# What to work on
Restate every line below word for word, but drop each picture.

# Information given
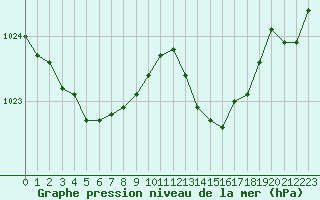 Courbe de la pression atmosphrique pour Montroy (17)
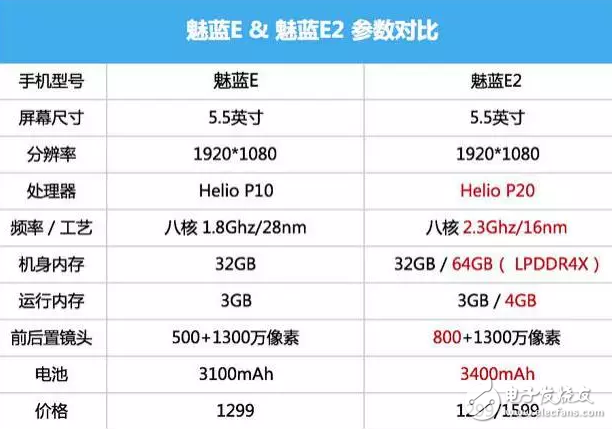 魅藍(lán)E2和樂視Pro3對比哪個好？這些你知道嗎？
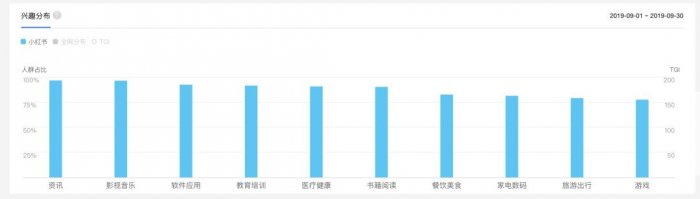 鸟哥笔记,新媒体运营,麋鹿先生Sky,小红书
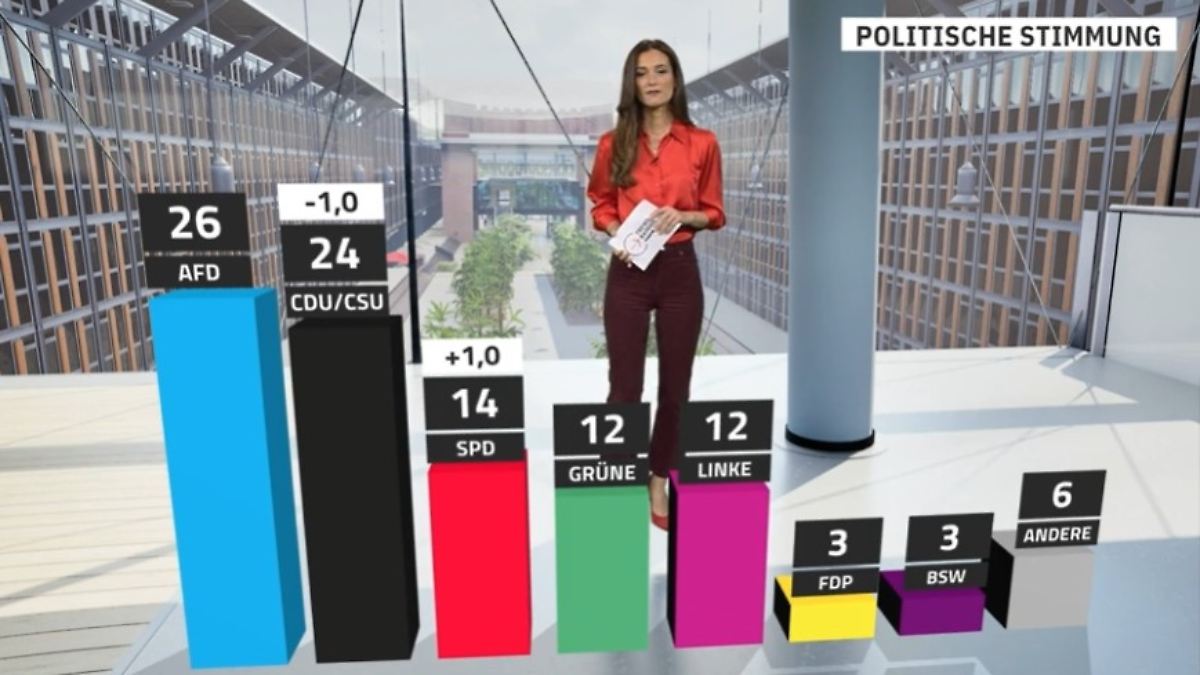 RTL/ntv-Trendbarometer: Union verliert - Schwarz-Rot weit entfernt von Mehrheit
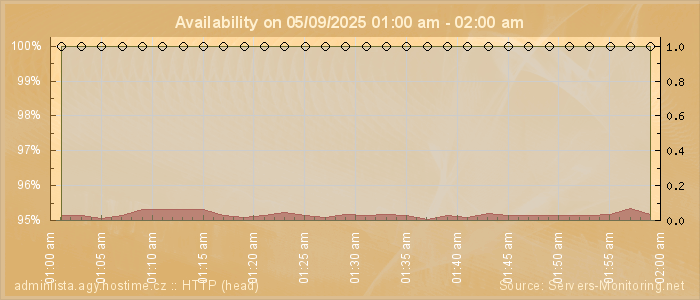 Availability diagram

# Exercise output
 Courbe de la pression atmosphrique pour Montroy (17)
 魅藍(lán)E2和樂視Pro3對比哪個好？這些你知道嗎？
 鸟哥笔记,新媒体运营,麋鹿先生Sky,小红书
 RTL/ntv-Trendbarometer: Union verliert - Schwarz-Rot weit entfernt von Mehrheit
 Availability diagram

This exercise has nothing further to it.